Short descriptive text snippets:
※ ※ ※
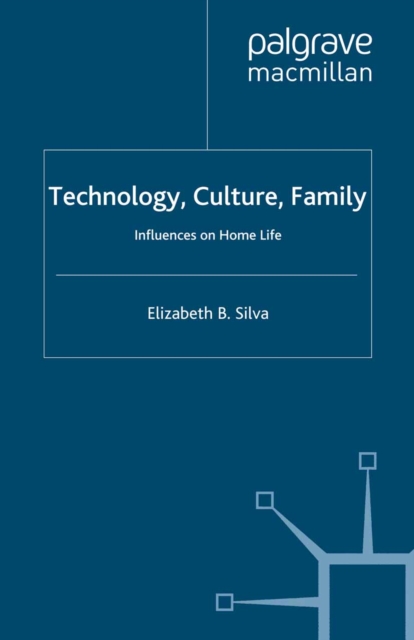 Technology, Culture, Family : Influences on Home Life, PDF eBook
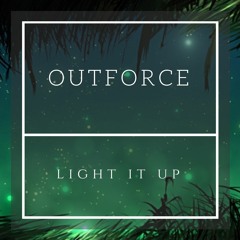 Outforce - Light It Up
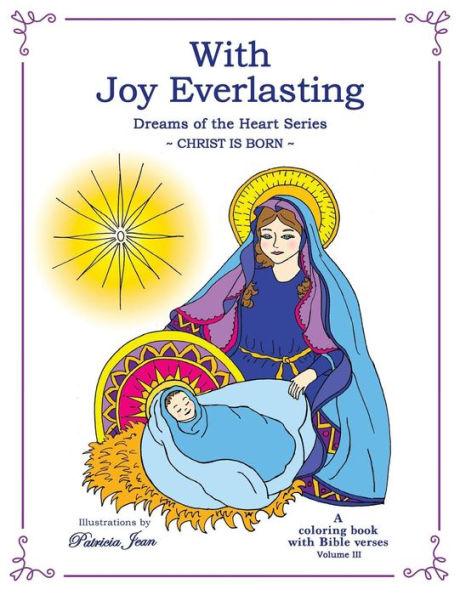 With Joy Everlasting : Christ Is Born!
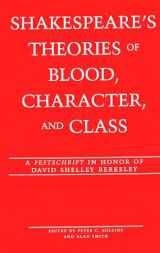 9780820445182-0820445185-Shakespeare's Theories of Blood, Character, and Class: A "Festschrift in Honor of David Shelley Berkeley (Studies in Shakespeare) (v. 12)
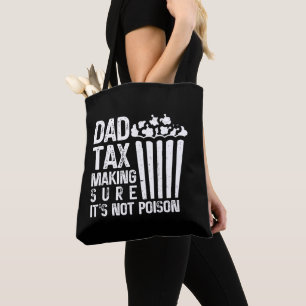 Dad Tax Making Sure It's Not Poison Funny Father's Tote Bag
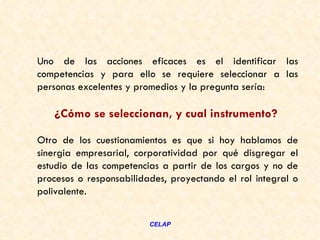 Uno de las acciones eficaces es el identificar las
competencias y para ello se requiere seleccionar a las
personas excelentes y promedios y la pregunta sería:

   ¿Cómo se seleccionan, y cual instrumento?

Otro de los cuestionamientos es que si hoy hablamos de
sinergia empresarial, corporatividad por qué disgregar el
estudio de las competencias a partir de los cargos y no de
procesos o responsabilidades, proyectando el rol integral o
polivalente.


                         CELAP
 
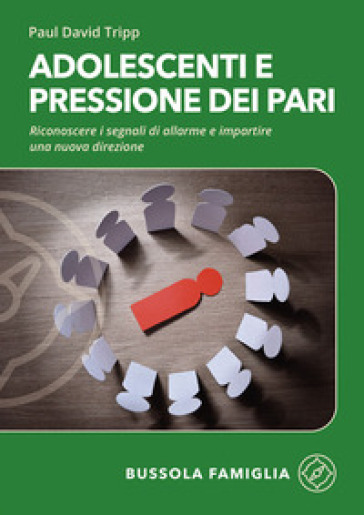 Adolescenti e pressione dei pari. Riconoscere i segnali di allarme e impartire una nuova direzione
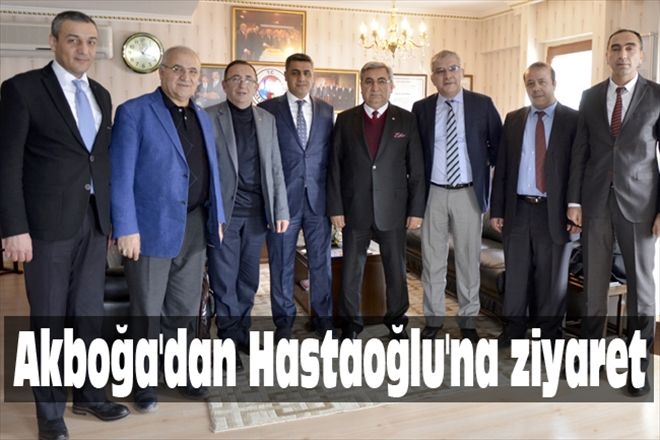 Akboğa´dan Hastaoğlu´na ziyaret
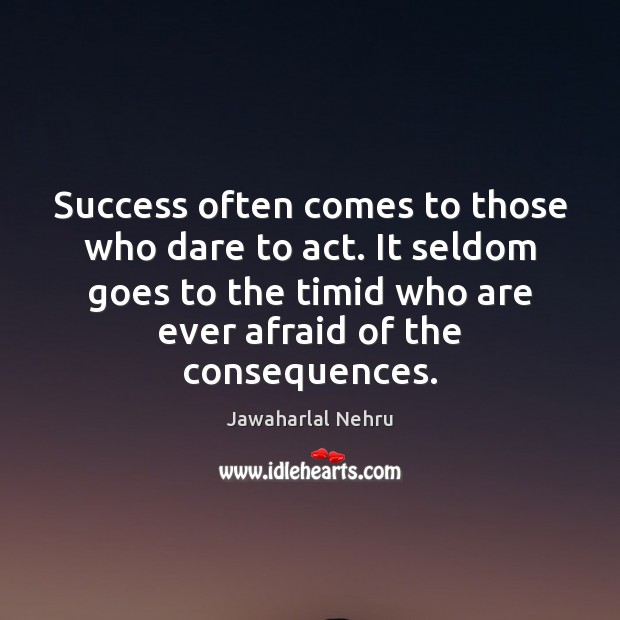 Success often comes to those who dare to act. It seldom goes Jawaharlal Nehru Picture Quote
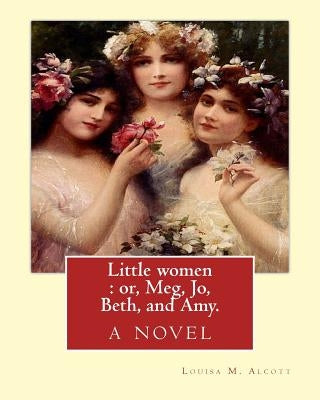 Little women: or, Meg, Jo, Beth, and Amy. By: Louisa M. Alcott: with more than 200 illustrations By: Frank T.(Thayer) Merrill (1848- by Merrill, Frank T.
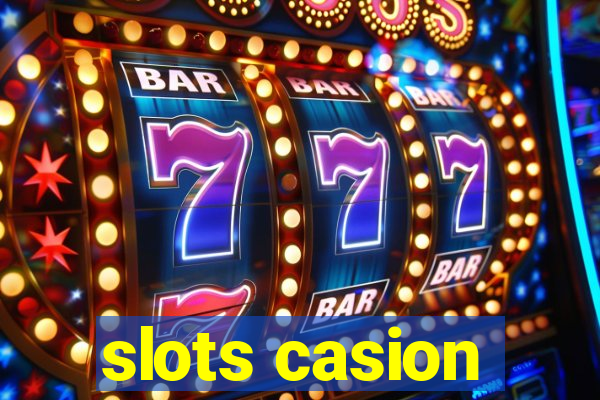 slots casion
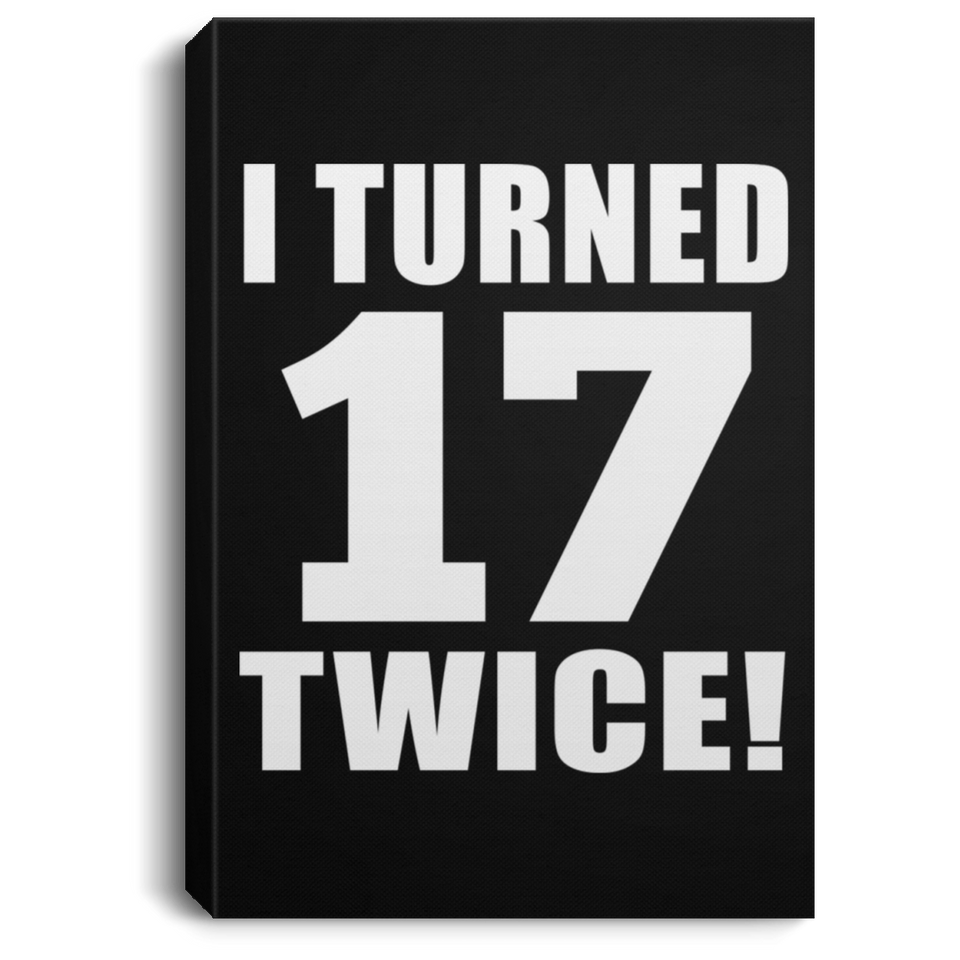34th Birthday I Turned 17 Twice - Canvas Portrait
※ ※ ※
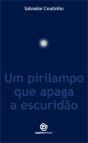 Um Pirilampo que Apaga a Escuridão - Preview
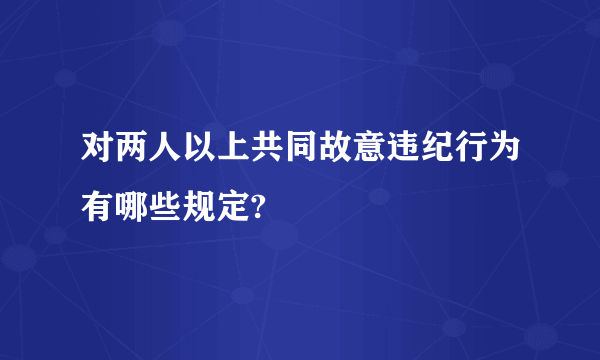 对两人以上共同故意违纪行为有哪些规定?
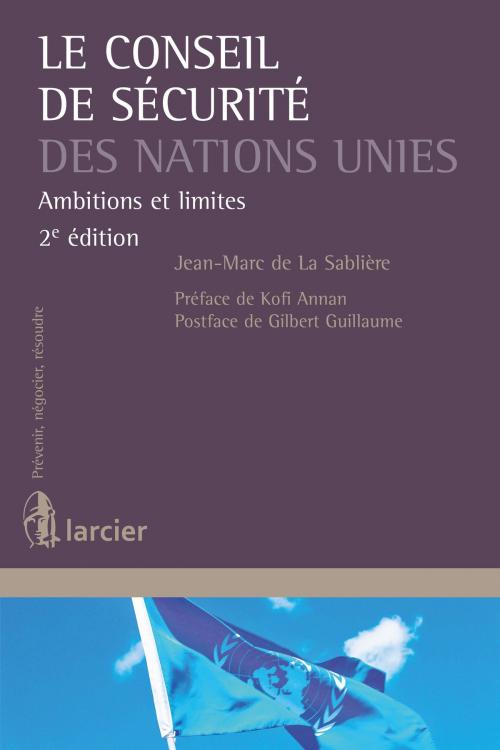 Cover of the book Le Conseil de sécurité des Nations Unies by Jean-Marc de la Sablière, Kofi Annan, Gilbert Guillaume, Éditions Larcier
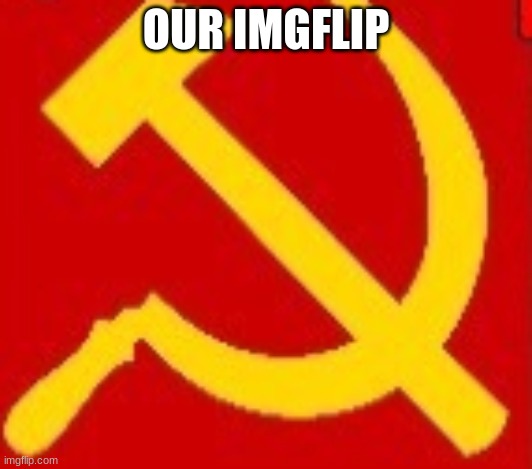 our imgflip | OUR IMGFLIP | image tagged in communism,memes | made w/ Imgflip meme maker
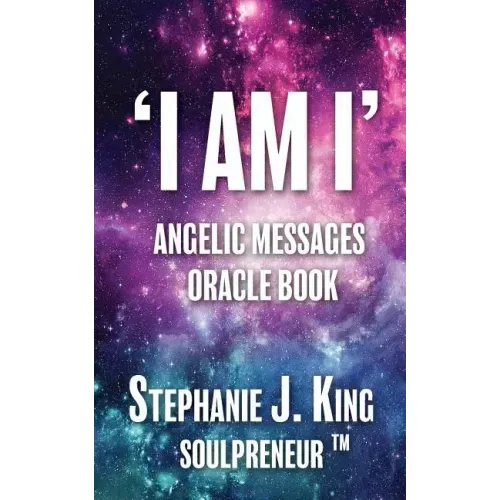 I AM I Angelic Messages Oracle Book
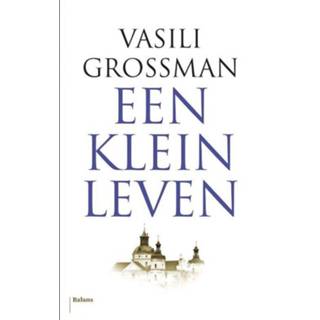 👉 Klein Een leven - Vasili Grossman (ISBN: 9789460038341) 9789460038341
※ ※ ※
■ WORK INSTRUCTIONS
Skip every picture, and restate word for word only the lines above from the line containing "Little women: or, Meg, Jo, Beth, and" to the line containing "34th Birthday I", both of them included.

■ OUTPUT FOR THIS EXERCISE
 Little women: or, Meg, Jo, Beth, and Amy. By: Louisa M. Alcott: with more than 200 illustrations By: Frank T.(Thayer) Merrill (1848- by Merrill, Frank T.
 slots casion
34th Birthday I Turned 17 Twice - Canvas Portrait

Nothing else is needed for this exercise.